Figure 7b demonstrates the lowest dark current I_dark of ~4.8 µA of the PDs when doped by Co-plus-Ni. Higher I_dark values of ~8.1, ~10, and ~14 µA were measured from the PDs fabricated with Ni-doped, Co-doped, and undoped NRs, respectively, at a 2 V biasing. The lowest I_dark measured in the case of Co-plus-Ni doping, despite of the largest NR diameter, suggests that charge transport is dominated by the surface depletion region in the NR bridge. UV light illumination generates electron hole pairs, and the generated holes recombine with the electrons captured by ambient oxygen adsorbed on the NR surface [31]. This process drives a desorption phenomenon for the O₂ molecules (see Figure 7) by [${O_2^{-}}_{adsorbed}+h \stackrel{ hv }{\to }{O}_2$]. In consequence, the surface depletion will keep shrinking as long as the generated holes are supplied to the NR surface. UV photocurrent I_UV measured from the PDs fabricated with undoped, Ni-doped, Co-doped, and Co-plus-Ni codoped NRs were ~46, ~330, ~131, and ~649 µA, respectively, as shown in Figure 7a. Carrier trappings in the dark condition to the neutral defect complexes and their detrapping under UV illumination can be responsible for higher I_UV in doped PDs as suggested by Sarkar et al. [51]. The photo-excited carriers quickly recombine with the deep-level defects introduced into the hydrothermally grown ZnO NRs; however, the introduction of TM dopants can significantly suppress the deep-level defects. Therefore, this leads to minimized loss in photogenerated carriers and increases the photocurrent [56].
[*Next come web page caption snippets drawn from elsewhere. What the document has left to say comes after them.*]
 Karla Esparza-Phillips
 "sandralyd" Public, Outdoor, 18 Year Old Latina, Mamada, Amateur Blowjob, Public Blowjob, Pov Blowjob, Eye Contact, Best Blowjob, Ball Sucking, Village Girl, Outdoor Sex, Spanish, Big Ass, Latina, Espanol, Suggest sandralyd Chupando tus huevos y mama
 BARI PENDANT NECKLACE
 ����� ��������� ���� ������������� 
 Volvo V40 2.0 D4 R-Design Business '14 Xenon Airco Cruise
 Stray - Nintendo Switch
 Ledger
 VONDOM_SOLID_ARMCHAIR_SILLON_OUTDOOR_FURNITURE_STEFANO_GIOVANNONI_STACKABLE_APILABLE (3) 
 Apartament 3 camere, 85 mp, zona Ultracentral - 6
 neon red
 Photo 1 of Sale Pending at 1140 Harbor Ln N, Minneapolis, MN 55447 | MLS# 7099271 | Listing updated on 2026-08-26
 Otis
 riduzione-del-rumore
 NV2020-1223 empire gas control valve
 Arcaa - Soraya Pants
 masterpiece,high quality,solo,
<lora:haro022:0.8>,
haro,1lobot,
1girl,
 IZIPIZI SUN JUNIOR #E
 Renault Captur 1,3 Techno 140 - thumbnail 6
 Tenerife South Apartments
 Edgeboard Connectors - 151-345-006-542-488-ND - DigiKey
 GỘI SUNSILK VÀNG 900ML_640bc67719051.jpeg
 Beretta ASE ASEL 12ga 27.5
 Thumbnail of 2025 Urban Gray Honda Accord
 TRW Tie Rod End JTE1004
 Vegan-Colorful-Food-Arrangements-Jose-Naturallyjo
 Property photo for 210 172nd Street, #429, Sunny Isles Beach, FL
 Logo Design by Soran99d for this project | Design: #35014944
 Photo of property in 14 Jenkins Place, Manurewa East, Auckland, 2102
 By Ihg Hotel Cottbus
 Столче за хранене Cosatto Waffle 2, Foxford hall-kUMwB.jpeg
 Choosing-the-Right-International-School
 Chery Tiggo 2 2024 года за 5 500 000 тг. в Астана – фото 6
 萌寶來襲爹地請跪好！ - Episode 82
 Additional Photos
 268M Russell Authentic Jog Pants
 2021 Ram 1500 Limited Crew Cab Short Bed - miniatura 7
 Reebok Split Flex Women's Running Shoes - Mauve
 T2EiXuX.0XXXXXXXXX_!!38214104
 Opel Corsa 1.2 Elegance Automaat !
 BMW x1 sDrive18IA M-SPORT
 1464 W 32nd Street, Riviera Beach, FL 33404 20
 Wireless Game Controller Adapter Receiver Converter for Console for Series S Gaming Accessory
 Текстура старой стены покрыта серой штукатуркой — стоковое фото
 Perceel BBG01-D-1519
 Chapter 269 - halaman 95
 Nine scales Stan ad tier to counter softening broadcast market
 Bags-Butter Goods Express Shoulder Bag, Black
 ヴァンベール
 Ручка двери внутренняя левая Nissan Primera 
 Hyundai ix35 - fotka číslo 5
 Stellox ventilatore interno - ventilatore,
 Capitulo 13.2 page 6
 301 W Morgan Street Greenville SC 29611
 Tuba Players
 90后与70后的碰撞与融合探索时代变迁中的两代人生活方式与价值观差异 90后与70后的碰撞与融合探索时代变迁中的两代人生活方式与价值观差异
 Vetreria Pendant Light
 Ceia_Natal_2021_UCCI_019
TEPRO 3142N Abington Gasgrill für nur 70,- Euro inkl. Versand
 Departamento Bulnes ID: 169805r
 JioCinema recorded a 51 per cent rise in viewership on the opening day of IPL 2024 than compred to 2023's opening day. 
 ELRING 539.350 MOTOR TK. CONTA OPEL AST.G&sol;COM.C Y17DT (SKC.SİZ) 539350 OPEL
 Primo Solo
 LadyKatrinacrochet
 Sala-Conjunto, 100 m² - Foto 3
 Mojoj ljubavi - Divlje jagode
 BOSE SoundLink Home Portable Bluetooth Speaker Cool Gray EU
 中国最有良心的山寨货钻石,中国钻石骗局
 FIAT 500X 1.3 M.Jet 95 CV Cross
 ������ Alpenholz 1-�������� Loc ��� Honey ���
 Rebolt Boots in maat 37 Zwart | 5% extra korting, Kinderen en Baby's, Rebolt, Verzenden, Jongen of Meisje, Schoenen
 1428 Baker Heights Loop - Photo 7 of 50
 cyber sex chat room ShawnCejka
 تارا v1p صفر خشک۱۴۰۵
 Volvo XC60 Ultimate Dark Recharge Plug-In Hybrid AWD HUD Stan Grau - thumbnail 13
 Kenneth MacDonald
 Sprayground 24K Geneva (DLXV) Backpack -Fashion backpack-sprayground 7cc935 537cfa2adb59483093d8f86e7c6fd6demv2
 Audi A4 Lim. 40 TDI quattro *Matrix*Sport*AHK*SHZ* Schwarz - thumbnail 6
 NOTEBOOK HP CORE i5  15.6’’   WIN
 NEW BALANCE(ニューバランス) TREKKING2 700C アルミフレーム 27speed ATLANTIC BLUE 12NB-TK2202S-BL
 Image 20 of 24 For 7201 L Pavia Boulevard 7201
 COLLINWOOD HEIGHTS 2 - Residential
Improved I_UV in TM-doped PDs can be also attributed to the decrease of bridging barrier thickness as illustrated in Figure 6. The TM dopants incorporated into ZnO can liberate many photogenerated holes from the recombination or trapping to the deep-level defects, thereby shrinking the surface depletion at the NR surface. If the tunneling current is given by an exponential function of bridging barrier thickness, the conduction current through the bridging barrier will be sensitive to any slight change of barrier thickness. Substantial improvement in the UV-to-dark current ratio (I_UV/I_dark) up to ~135 was achieved from the PD in the case of Co-plus-Ni doping, while a much lower I_UV/I_dark of ~6 was measured from the PD fabricated with undoped NRs.

Transient photoresponse characteristics including the rise-up (response) and fall-down (recovery) times under UV (at 350 nm in this work) on/off conditions is one of important performance parameters for the PDs, where the rise-up and fall-down times represent the time spans of the I_UV reaching up to 90% of its maximum saturation value when UV turns on and of the photocurrent dropping by 90% from its maximum value when UV turns off, respectively. The measured response time t_r in the cases of Co-plus-Ni, Ni, and Co doping were ~2.2, ~3.1, and ~8.0 s, respectively. These PDs with doped NRs exhibited much smaller response time than ~10.2 s measured from the PDs with undoped NRs, as shown in Figure 7c,d. The reduction of intrinsic defect density and surface depletion in TM-doped NRs can contribute to the increase in flow rate of photogenerated holes toward the surface of ZnO, thereby accelerating the O₂ desorption process. The recovery time t_f depends upon the O₂ adsorption process on the ZnO surface which is a strong function of electron diffusional kinetics across the energy barrier built up by surface band bending. The lower surface band bending due to reduced deep-level defect density on the surface can be responsible for the improved recovery time in the cases of TM-doped NRs [39].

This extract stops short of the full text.